Kepala Badan Pengawas Perdagangan Berjangka Komoditi (Bappebti) Kementerian Perdagangan Indrasari Wisnu Wardhana mengatakan skema pungutan tengah dibahas oleh otoritas perniagaan dan Badan Kebijakan Fiskal (BKF) Kementerian Keuangan.
“Mengenai pengaturan pajak [aset kripto], kami sedang berdiskusi degan BKF,” katanya, pekan lalu.
Dia menambahkan, penyusunan aturan pajak memang mendesak menyusul terus melonjaknya transaksi dan jumlah investor aset kripto. Hingga Februari 2022, transaksi aset kripto tercatat mencapai Rp83,8 triliun dengan 12,4 juta investor.
Kepala BKF Kementerian Keuangan Febrio Kacaribu sebelumnya mengatakan bahwa perlakuan perpajakan atas transaksi aset kripto masih menunggu kepastian dari regulator lain mengenai keamanan instrumen investasi jenis ini. Lembaga yang dimaksud adalah Otoritas Jasa Keuangan (OJK), Bank Indonesia (BI), dan Lembaga Penjamin Simpanan (LPS).
Hal yang pasti, skema yang akan digunakan oleh otoritas fiskal menurutnya adalah Pajak Penghasilan (PPh) Final. “Tetapi pemerintah tidak bisa sendiri [merumuskan aturan pajak aset kripto],” ujarnya.
Anggota Komisi VI Dewan Perwakilan Rakyat (DPR) Muhammad Husein Fadlulloh pemerintah perlu menyusun regulasi untuk penjualan aset kripto dalam rangka mengamankan potensi penerimaan negara.
“Kami melihat di sini ada potensi perdagangan cryptocurrency ini ada memberikan pemasukan kepada negara,” katanya.

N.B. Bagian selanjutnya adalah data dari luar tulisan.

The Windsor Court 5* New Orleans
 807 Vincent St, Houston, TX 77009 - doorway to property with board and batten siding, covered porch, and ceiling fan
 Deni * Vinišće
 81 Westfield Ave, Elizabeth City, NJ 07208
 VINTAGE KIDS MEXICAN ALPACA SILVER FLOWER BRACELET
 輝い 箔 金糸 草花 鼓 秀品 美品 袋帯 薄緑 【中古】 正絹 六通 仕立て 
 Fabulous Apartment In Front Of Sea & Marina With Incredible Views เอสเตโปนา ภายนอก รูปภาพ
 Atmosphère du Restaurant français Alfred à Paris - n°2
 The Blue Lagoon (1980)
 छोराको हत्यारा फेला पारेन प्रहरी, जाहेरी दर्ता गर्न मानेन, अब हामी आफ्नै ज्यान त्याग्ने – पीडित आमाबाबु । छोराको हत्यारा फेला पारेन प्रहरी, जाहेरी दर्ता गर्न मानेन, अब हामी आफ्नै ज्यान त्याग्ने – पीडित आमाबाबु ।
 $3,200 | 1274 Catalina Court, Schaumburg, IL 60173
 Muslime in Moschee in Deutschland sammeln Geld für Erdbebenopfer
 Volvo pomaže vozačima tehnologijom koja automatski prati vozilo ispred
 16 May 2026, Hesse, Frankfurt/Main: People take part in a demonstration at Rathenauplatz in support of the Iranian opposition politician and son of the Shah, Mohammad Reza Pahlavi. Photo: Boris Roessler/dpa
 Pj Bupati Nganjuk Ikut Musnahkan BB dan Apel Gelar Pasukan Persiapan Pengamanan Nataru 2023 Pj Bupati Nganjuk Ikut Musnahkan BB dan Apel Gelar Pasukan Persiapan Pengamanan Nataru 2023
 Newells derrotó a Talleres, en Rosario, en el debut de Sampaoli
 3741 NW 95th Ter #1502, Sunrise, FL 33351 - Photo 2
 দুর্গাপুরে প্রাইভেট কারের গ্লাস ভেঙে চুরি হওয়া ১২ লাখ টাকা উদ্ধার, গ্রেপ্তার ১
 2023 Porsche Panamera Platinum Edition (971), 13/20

Pengenaan pajak dalam aset kripto sebenarnya telah banyak dilakukan oleh negara lain untuk mengamankan penerimaan negara. Adapun, bagi Indonesia, pemerintah bisa menggunakan dasar pada UU No. 36/2008 tentang Pajak Penghasilan yang mengamanatkan pengenaan pungutan untuk setiap tambahan kemampuan ekonomis.